Diese Ventilkörperstellung stellt sich insbesondere in Saugstellung ein, wobei dann
das Fördermedium über das Einlaßventil 12 eintritt, dort seitlich und an der Durchlaßseite
21 den Ventilkörper 14 umströmt und in den Verdrängungsraum 6 gelangt. Gleichzeitig
ist durch den hier herrschenden Unterdruck der Kanalabschnitt 15 des Auslaßventiles
12 durch die Dichtseite des dort eingesetzten Ventilkörpers 14 verschlossen.
[0034] Die jeweils in einem Ventilraum 13 befindlichen Führungshülsen 25 liegen einerseits
an der dem Verdrängungsraum 6 zugewandten Stirnseite des Ventilraumes 13 an und werden
von der anderen Seite von den Anschlußstopfen 16 gehalten. Fig. 5 läßt gut erkennen,
daß die Anschlußstopfen 16 einen Kopf 26 zum Angriff eines Verdrehwerkzeuges und daran
anschließend einen mit einem Außengewinde versehenen Eindrehabschnitt aufweisen. Daran
schließt sich ein gewindefreier Abschnitt 28 an, dessen Außendurchmesser etwa dem
Durchmesser des Ventilraumes 13 entspricht. Am inneren Ende des Anschlußstopfens 16
ist ein Ansatz 29 vorgesehen, der mit seinem stirnseitigen Ende die den Ventilraum
13 oben begrenzende Stirnfläche 17 bildet. Dieser Ansatz greift etwas in die Führungshülse
25 ein, wie dies gut in Fig. 1 erkennbar ist. Mit der ringförmigen Stirnseite 30 zwischen
dem Abschnitt 28 und dem Durchmesser reduzierten Ansatz 29 wird in Montagestellung
die angefaste Oberseite der Führungshülse 25 beaufschlagt. Die axiale Länge des Ansatzes
29 ist so bemessen, daß die Anfasung 32 der Führungshülse 25 überdeckt ist. Die Führungshülsen
25 dienen außer zur Führung der Ventilkörper 14 auch als Einsetz- bzw. Einschraubbegrenzung
für den Anschlußstopfen 16.
[0035] In dem Anschlußstopfen 16 befindet sich eine Stufenbohrung 31, deren äußerer im Querschnitt
etwas größerer Bereich ein Innengewinde trägt zum Einschrauben einer Verbindungsleitung.

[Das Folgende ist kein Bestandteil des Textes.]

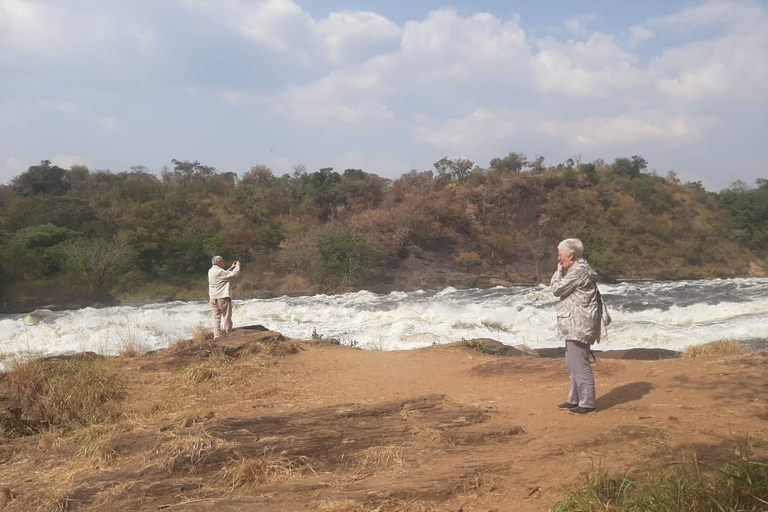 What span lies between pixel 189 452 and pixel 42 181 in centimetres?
4742

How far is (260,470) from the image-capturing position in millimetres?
3695

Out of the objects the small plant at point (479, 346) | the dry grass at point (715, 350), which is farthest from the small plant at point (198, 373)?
the dry grass at point (715, 350)

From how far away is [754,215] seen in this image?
41844 mm

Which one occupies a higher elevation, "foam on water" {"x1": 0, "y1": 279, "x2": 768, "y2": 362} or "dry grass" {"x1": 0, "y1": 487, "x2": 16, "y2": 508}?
"dry grass" {"x1": 0, "y1": 487, "x2": 16, "y2": 508}

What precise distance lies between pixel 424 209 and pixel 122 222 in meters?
19.0

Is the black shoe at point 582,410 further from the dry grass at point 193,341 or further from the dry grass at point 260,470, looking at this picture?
the dry grass at point 193,341

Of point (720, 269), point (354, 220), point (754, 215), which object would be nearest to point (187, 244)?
point (354, 220)

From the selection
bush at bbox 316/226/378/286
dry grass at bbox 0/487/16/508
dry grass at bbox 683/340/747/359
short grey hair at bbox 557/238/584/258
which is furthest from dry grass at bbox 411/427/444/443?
bush at bbox 316/226/378/286

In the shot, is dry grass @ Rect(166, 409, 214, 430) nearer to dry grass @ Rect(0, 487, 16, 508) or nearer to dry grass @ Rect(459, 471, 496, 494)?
dry grass @ Rect(0, 487, 16, 508)

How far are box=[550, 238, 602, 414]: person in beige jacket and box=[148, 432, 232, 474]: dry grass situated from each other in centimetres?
287

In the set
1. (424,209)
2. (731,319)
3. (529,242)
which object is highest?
(424,209)

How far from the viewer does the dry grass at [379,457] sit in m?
3.73

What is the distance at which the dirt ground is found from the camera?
3.32m

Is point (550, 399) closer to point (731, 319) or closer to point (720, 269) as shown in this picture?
point (731, 319) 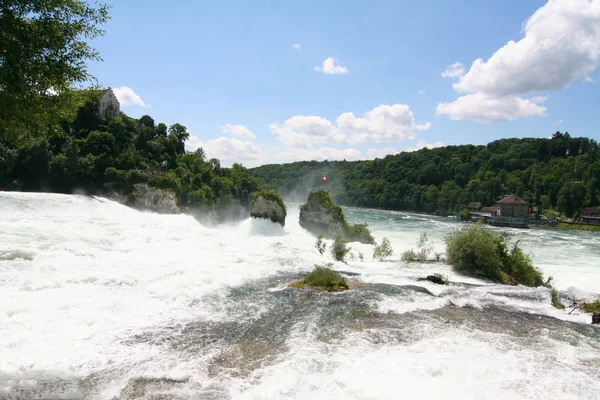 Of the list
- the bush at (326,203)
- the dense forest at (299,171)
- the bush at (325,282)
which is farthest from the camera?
the bush at (326,203)

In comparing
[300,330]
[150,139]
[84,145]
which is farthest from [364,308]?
[150,139]

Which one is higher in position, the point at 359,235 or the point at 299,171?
the point at 299,171

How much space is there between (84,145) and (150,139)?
13392 mm

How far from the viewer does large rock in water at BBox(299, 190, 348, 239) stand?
140 ft

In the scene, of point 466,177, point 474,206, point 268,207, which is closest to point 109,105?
point 268,207

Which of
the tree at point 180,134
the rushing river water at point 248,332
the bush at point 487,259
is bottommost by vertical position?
the rushing river water at point 248,332

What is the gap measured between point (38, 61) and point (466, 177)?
4994 inches

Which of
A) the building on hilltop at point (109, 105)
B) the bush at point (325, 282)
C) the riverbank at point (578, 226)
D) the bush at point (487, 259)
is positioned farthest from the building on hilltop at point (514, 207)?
the building on hilltop at point (109, 105)

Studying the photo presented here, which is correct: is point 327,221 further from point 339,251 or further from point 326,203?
point 339,251

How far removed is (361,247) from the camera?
36.2 m

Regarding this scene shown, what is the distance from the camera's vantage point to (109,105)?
56125 mm

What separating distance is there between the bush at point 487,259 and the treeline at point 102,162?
110 feet

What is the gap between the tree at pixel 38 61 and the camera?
8.14 meters

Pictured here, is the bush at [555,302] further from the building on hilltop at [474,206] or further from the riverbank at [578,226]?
the building on hilltop at [474,206] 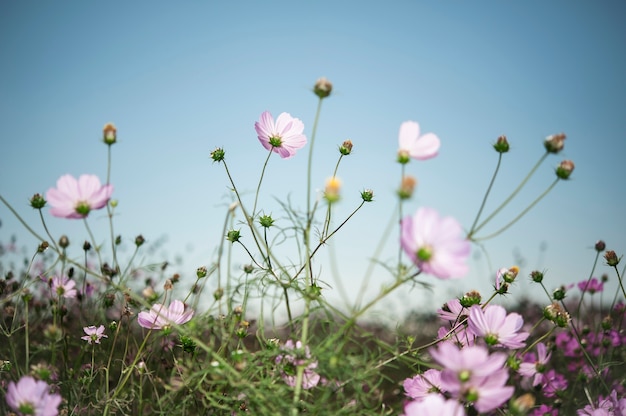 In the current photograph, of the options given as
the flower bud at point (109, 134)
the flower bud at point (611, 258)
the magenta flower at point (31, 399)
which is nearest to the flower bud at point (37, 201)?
the flower bud at point (109, 134)

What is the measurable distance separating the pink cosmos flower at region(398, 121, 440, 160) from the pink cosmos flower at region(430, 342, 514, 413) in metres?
0.28

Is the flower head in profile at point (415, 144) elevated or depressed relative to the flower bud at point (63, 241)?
elevated

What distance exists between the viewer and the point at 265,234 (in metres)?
1.21

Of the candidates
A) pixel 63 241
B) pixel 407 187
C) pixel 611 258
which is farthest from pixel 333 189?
pixel 611 258

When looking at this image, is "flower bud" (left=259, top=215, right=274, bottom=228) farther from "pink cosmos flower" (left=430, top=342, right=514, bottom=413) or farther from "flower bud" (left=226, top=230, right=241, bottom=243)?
"pink cosmos flower" (left=430, top=342, right=514, bottom=413)

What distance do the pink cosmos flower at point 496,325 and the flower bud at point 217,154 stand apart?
2.28 feet

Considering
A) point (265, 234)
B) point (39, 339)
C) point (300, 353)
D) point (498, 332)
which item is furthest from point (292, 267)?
point (39, 339)

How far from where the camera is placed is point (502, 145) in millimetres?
934

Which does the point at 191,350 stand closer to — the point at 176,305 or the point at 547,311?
the point at 176,305

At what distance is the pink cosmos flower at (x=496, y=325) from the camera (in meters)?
0.90

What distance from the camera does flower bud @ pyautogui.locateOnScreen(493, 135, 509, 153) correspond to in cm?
93

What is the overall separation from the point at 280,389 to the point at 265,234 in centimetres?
50

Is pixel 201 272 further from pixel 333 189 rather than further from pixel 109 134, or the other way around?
pixel 333 189

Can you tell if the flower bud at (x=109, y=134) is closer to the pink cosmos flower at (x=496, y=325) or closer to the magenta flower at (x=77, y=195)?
the magenta flower at (x=77, y=195)
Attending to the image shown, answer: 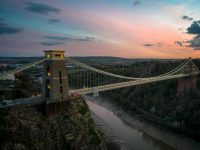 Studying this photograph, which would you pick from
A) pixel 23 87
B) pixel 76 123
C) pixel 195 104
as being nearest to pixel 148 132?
pixel 195 104

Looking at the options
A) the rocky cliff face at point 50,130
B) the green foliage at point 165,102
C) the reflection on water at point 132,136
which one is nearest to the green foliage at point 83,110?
the rocky cliff face at point 50,130

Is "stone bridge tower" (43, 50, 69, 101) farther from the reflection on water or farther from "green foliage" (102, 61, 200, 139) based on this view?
"green foliage" (102, 61, 200, 139)

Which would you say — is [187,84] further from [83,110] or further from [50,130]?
[50,130]

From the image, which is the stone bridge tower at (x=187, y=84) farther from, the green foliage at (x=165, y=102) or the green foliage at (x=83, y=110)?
the green foliage at (x=83, y=110)

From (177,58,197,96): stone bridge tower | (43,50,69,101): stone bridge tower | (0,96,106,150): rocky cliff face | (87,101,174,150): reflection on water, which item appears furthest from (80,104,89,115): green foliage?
(177,58,197,96): stone bridge tower

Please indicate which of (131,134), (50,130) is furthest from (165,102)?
(50,130)

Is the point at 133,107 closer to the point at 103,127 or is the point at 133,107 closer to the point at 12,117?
the point at 103,127

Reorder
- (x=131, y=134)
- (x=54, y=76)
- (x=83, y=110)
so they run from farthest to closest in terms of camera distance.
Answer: (x=131, y=134) → (x=83, y=110) → (x=54, y=76)
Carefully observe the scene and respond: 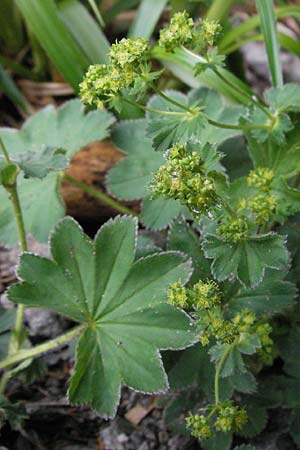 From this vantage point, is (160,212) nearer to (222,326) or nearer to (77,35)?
(222,326)

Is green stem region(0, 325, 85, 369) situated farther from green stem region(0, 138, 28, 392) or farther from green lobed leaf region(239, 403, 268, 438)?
green lobed leaf region(239, 403, 268, 438)

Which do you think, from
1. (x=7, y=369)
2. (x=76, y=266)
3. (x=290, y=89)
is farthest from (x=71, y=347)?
(x=290, y=89)

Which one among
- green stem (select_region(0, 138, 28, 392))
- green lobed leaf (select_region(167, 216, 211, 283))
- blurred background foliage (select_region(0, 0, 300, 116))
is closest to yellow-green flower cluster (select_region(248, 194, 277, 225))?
green lobed leaf (select_region(167, 216, 211, 283))

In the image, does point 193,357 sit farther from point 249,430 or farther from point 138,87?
point 138,87

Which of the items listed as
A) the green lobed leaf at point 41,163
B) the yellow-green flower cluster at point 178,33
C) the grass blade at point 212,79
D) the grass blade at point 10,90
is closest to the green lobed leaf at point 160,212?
the green lobed leaf at point 41,163

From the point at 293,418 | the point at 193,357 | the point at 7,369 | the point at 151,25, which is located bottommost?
the point at 293,418

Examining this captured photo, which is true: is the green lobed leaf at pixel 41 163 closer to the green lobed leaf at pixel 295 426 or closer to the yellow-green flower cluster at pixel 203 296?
the yellow-green flower cluster at pixel 203 296

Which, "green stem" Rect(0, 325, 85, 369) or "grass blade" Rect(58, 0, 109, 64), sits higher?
"grass blade" Rect(58, 0, 109, 64) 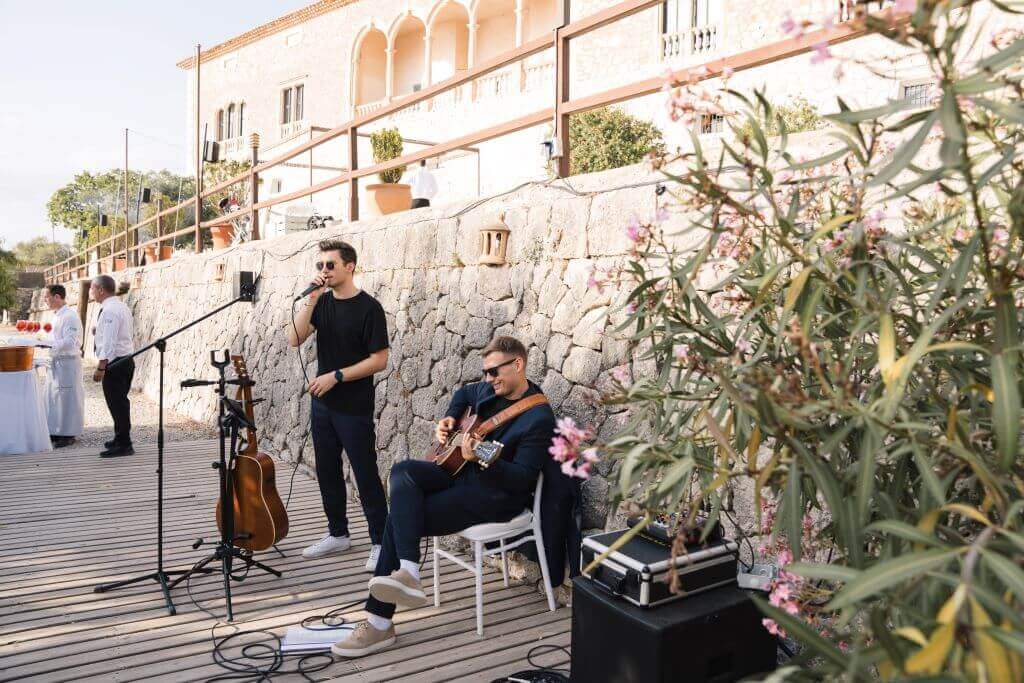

Der untere Abschnitt der Stufenbohrung mündet in den Ventilraum 13. Die bei der Führungshülse
25 vorgesehene Anfasung 32 dient einerseits als Einführhilfe beim Einsetzen oder Einschrauben
der Anschlußstopfen 16, andererseits aber auch als Toleranzverformungszone.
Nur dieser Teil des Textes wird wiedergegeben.